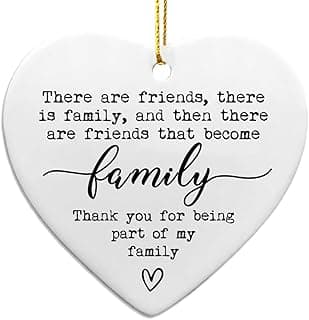 There Are Friends There Is Family, Friends Plaque, Ceramic Heart Gift, Unique Friendship Gift For Best Friend, Ceramic Hanging Heart, Gift For Friend, Christmas Gift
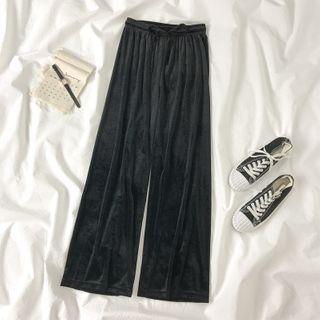 Velvet Wide Leg Jeans Black - One Size
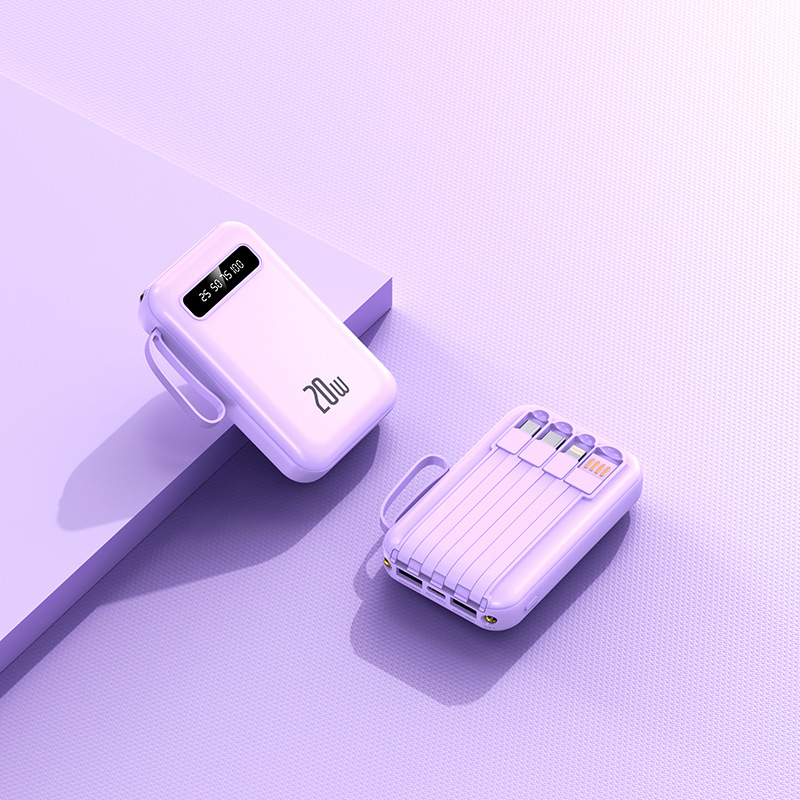 5000mAh Mini Mobile Power Bank with Built-in Cable, Wholesale Offer Large Capacity Customizable Logo for Gifts Cross-Border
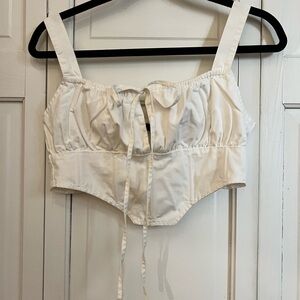 White Cropped Tie-Front Top
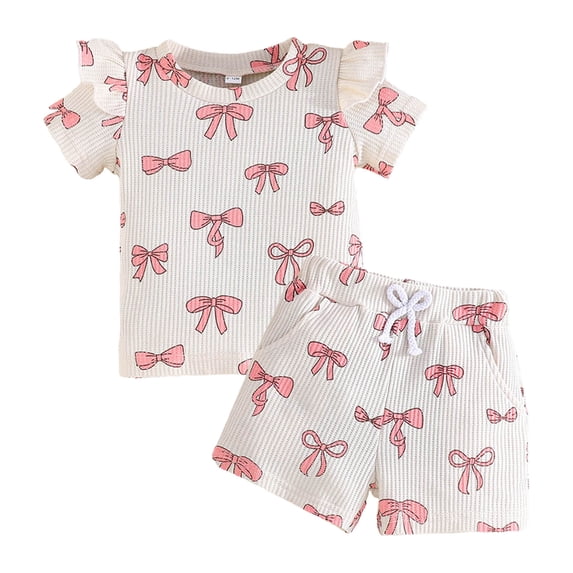 Xudanell Toddler Clothes for Girls Bow Print Fly Sleeve Short Sleeved Top Shorts with Bows Baby Girl Baby Clothes Beige 12-18 Months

● Task to carry out: Only the lines from the top of the material above down to the line bearing "Velvet Wide Leg Jeans Black - One Size", that line included, should be set down exactly; no pictures.

● Answer to this problem:
 There Are Friends There Is Family, Friends Plaque, Ceramic Heart Gift, Unique Friendship Gift For Best Friend, Ceramic Hanging Heart, Gift For Friend, Christmas Gift
 Velvet Wide Leg Jeans Black - One Size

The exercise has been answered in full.